Caption-style text data:
☆ ☆ ☆ ☆ ☆ ☆ ☆

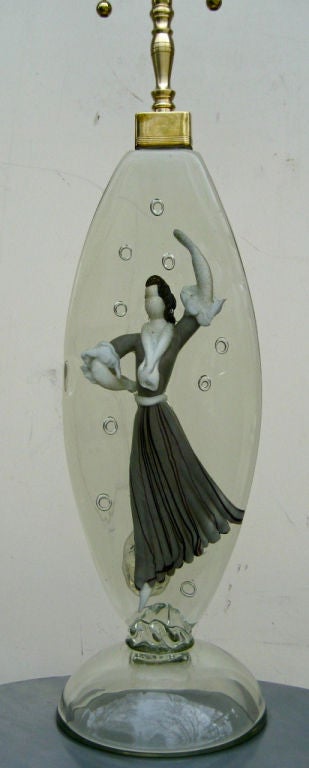 Zwei figurale Lampen aus Murano-Glas mit Gehäuse von Alfredo Barbini (Moderne) im Angebot
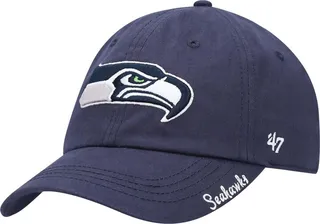 Women's College Navy Seattle Seahawks Miata Clean Up Primary Adjustable Hat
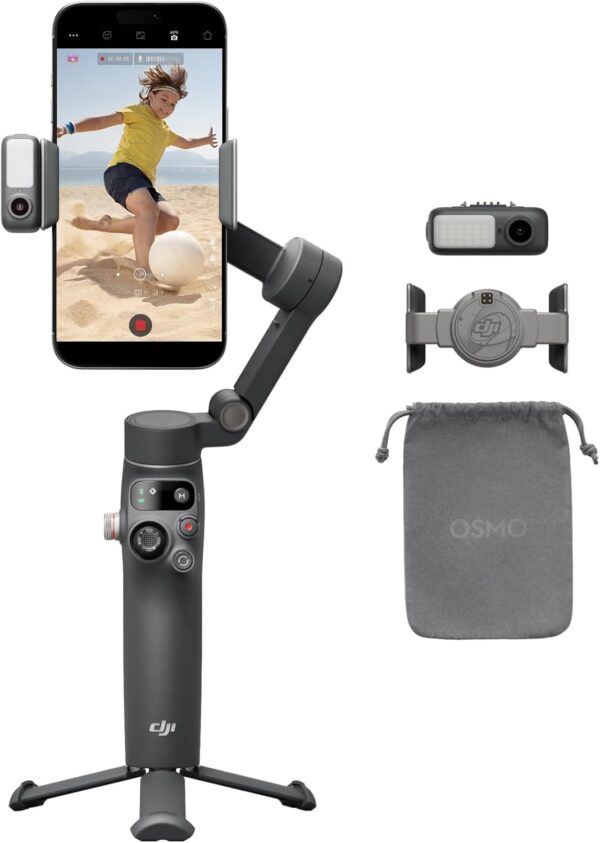 61iywJZXGNL._AC_SL1500_.jpg DJI Osmo Mobile 7P Gimbal Stabilizer for iPhone, Android, Native Tracking, Lighting, 3-Axis Phone Gimbal, Quick Launch, One-Tap Edit, Built-in Extension Rod & Tripod, 10hrs Use, Phone Charging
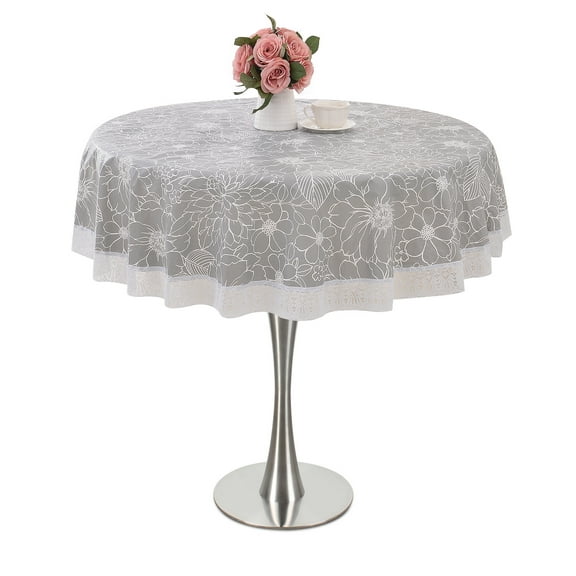 Round Tablecloth Vinyl Waterproof PVC Plastic Wipeable Spillproof Circle Tablecloths 60 Inch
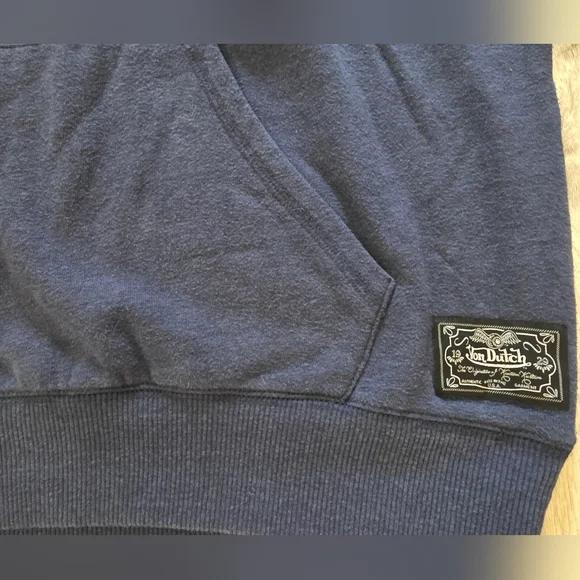 Woman's Size XL Von Dutch Navy Blue Sweatshirt Hoodie - Picture 2 of 6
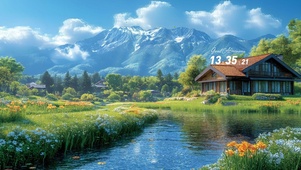 山间溪边小屋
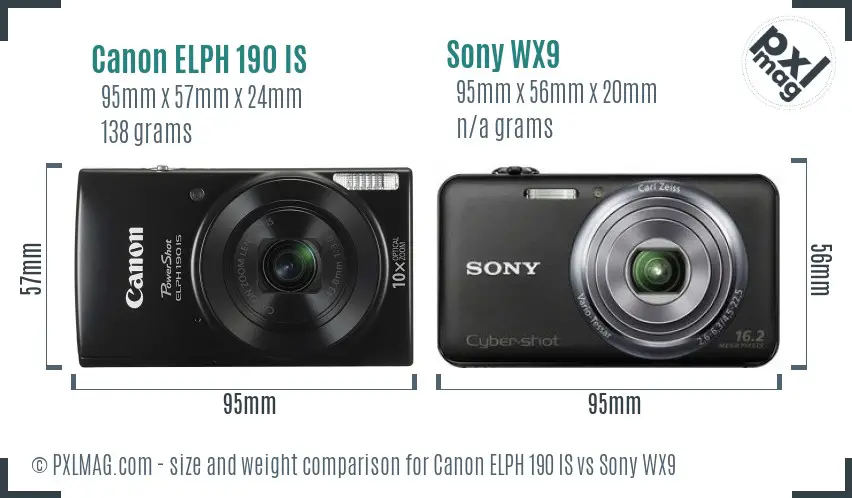 Canon ELPH 190 IS vs Sony WX9 size comparison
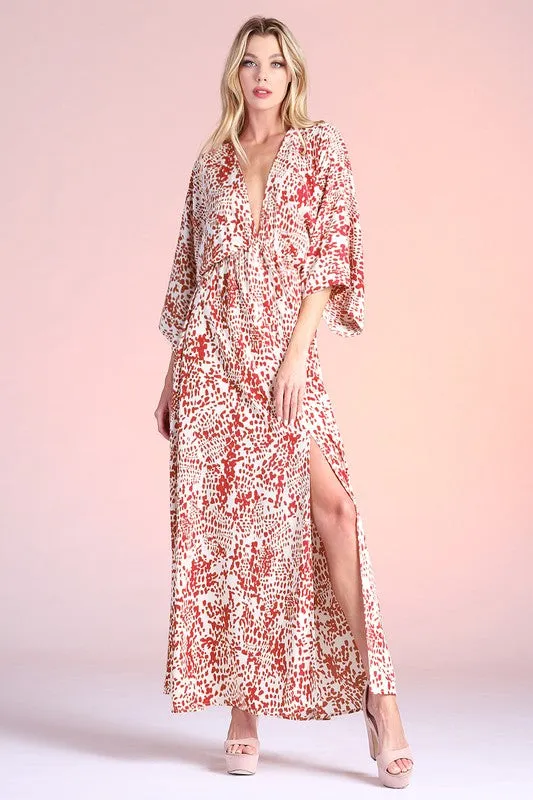 Siena Texture Print Kimono Maxi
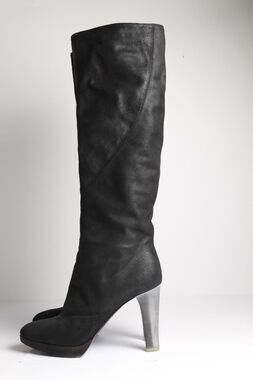 NINA RICCI Black Leather Knee High Stiletto Platform Boots Size 40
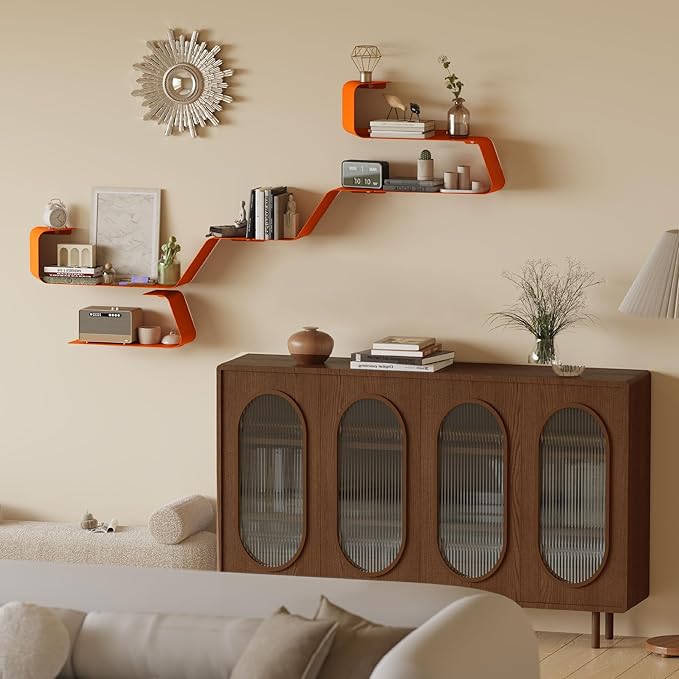 Floating Wall Shelves Set of 3, Metal Mounted Shelf with Unique Design, Bookshelf for Storage & Display in Bathroom, Bedroom, Kitchen, Living Room, Orange Home Decor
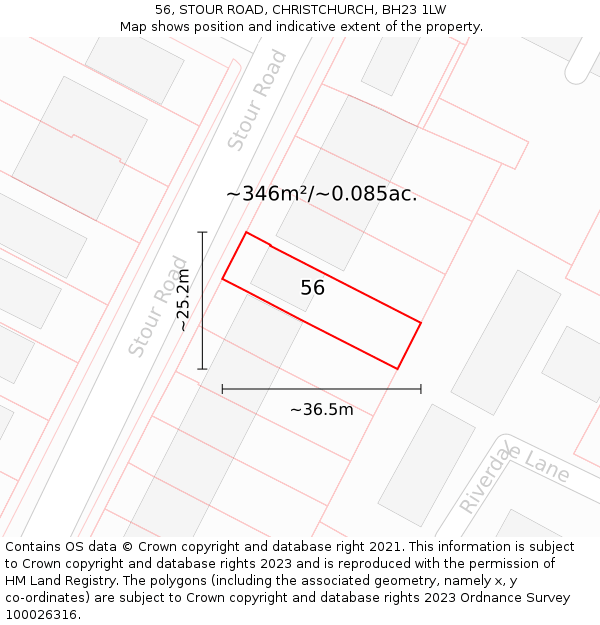 56, STOUR ROAD, CHRISTCHURCH, BH23 1LW: Plot and title map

☆ ☆ ☆ ☆ ☆ ☆ ☆

WORK ITEM –
All of the data above should be quoted exactly, except for the pictures.

OUTPUT FOR THIS EXERCISE –
 Zwei figurale Lampen aus Murano-Glas mit Gehäuse von Alfredo Barbini (Moderne) im Angebot
 Women's College Navy Seattle Seahawks Miata Clean Up Primary Adjustable Hat
 61iywJZXGNL._AC_SL1500_.jpg DJI Osmo Mobile 7P Gimbal Stabilizer for iPhone, Android, Native Tracking, Lighting, 3-Axis Phone Gimbal, Quick Launch, One-Tap Edit, Built-in Extension Rod & Tripod, 10hrs Use, Phone Charging
 Round Tablecloth Vinyl Waterproof PVC Plastic Wipeable Spillproof Circle Tablecloths 60 Inch
 Woman's Size XL Von Dutch Navy Blue Sweatshirt Hoodie - Picture 2 of 6
 山间溪边小屋
 Canon ELPH 190 IS vs Sony WX9 size comparison
 Siena Texture Print Kimono Maxi
 NINA RICCI Black Leather Knee High Stiletto Platform Boots Size 40
 Floating Wall Shelves Set of 3, Metal Mounted Shelf with Unique Design, Bookshelf for Storage & Display in Bathroom, Bedroom, Kitchen, Living Room, Orange Home Decor
 56, STOUR ROAD, CHRISTCHURCH, BH23 1LW: Plot and title map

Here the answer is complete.